Un día nos enteramos con Estela Figueroa que Juan Manuel vivía en un pensión indigna, por así decir. No recuerdo nada con precisión; sólo que estábamos en una esquina, quizá Tucumán y 9 de Julio, diciéndonos que debíamos encontrarle una pensión decente. No teníamos un centavo, ni para tomar un colectivo, así que recorrimos algunos lugares del centro, desorientadas por el amigo que necesitaba una mano y nosotras apenas podíamos mantenernos a nosotras mismas. Eran los duros tiempos de la hiperinflación alfonsinista. Me acuerdo de la soledad de las dos; me acuerdo de la angustia y la impotencia.
Y así que, cuando las cosas no pintaron bien para Fernando, pensé que era una época muy distinta, que estaba Facebook para comunicarnos entre los amigos, y ahí envié un pedido que recibió una respuesta inmediata, rápida e inesperada. Se me ocurrió entonces una fiesta, una celebración en homenaje a su talento y a su persona –dígamoslo de una vez: le faltaría un toque de Apolo para equilibrar al poderoso espíritu dionisíaco que lleva adentro; todo desmesura y pasión.
Convoqué a una reunión y nos juntamos cuatro personas. Nos replicamos, nos multiplicamos. Todos los convocados atendieron el teléfono –ahí me acordé el verso final del poema de Cardenal sobre Marilyn Monroe.
Las personas llegaban de a una, de a dos, de a muchos. Algunos con niños. Algunos con un instrumento musical. Algunos conocidos y otros no. Y se armó el grupo de los que íbamos a leer los poemas del Fer. Antes de empezar Tami pidió atención y acercó el celular al micrófono y se oyó la voz del Fer diciendo un poema. Todos nos quedamos muy callados, escuchando conmovidos; muchos lloramos.
Estaba Juan organizando a los músicos, preparados para arrancar después de la primera tanda de lecturas. Y también sorteamos, por jugar nomás, algunos regalos: libros, dibujos, vidriecitos.

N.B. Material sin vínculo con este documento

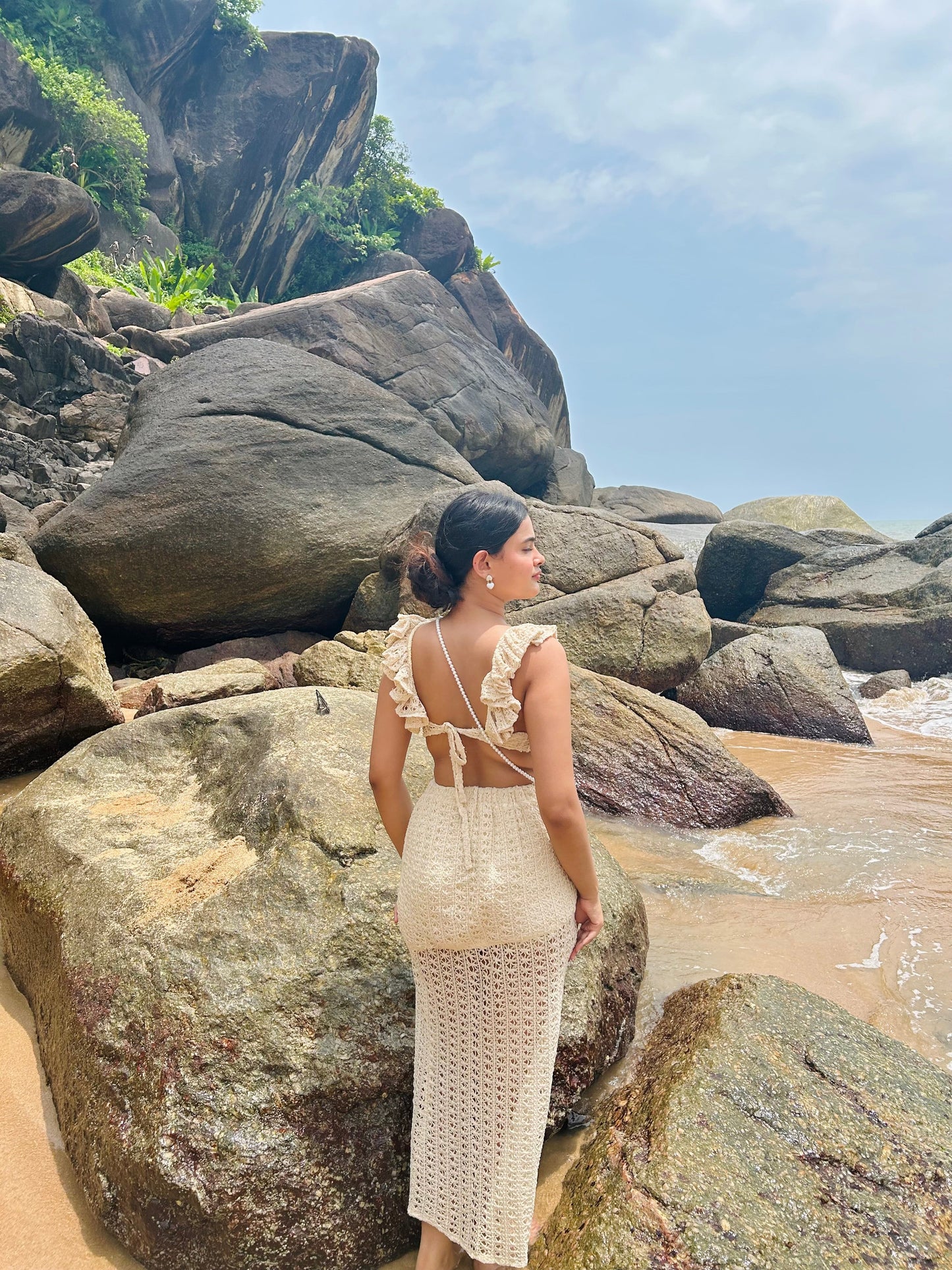 Woman wearing cream crochet open back dress on rocky beach showcasing Stylera trendy seaside vacation outfit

Afuera estaban los que fumaban o conversaban, y, en la ochava de Ochava Roma, Santiago y Larisa vendían libros del Fer. Y otros sacaban fotos. Y otros bebían. Un grupo de chicas se habían sentado en el suelo y se reían al mismo tiempo. Y todos se iban abrazando y sonriendo y Analía decía: todo fluye, todo fluye, moviendo las manos dibujando en el aire los cauces de dos ríos que iban y venían como danzando.
Adentro, detrás de la barra, Claus, Celeste y un rato Juan, no dejaban de trabajar sin dejar de sonreír ni por un segundo. El estruendo de la música impedía conversar con voz normal. Por eso el Fede se sentó al lado y me dijo, cerca de la oreja, con el énfasis del afecto, que éste era un acto político; que la alegría lo era.
Me acordé de mis locas lecturas de acercamiento a Spinoza, que empecé hace un par de años atrás, cuando me compré todos los libros que encontraba y solamente pude entender alguna cosa. Y eso se me vino a la cabeza, después de hablar con el Fede: la alegría es política, dice Deleuze que dice Spinoza, y la melancolía es antipolítica. Idénticas palabras, Fede spinozista deleuzeano. Porque, dice, la tristeza es impotente. “La tristeza, los afectos tristes son todos aquellos que disminuyen nuestra potencia de obrar. Y los poderes establecidos necesitan de ellos para convertirnos en sus esclavos.
Los poderes tienen más necesidad de angustiarnos que de reprimirnos.
No es fácil ser un hombre libre: huir de la peste, organizar encuentros, aumentar la capacidad de actuación, afectarse de alegría, multiplicar los afectos que expresan o desarrollan un máximo de afirmación.
Convertir el cuerpo en una fuerza que no se reduzca al organismo, convertir el pensamiento en una fuerza que no se reduzca a la conciencia”.
Más tarde, ya en casa, después de hablar con el Fer por messenger cruzando agradecimientos del uno al otro cual pareja de chinos corteses, cuando llegaba el cansancio y antes de cerrar los ojos para dormirme, vino a mi mente esa famosa frase de Fucik, poco antes de ser ejecutado por el nazismo, que parece subrayar lo arriba expresado: “Por la alegría he vivido; por la alegría fui al combate; por la alegría muero. Que la tristeza nunca sea unida a mi nombre”.
Porque la alegría no son globos amarillos; la alegría, como resistencia, es despliegue de la potencia de acción. Poner el cuerpo, decimos.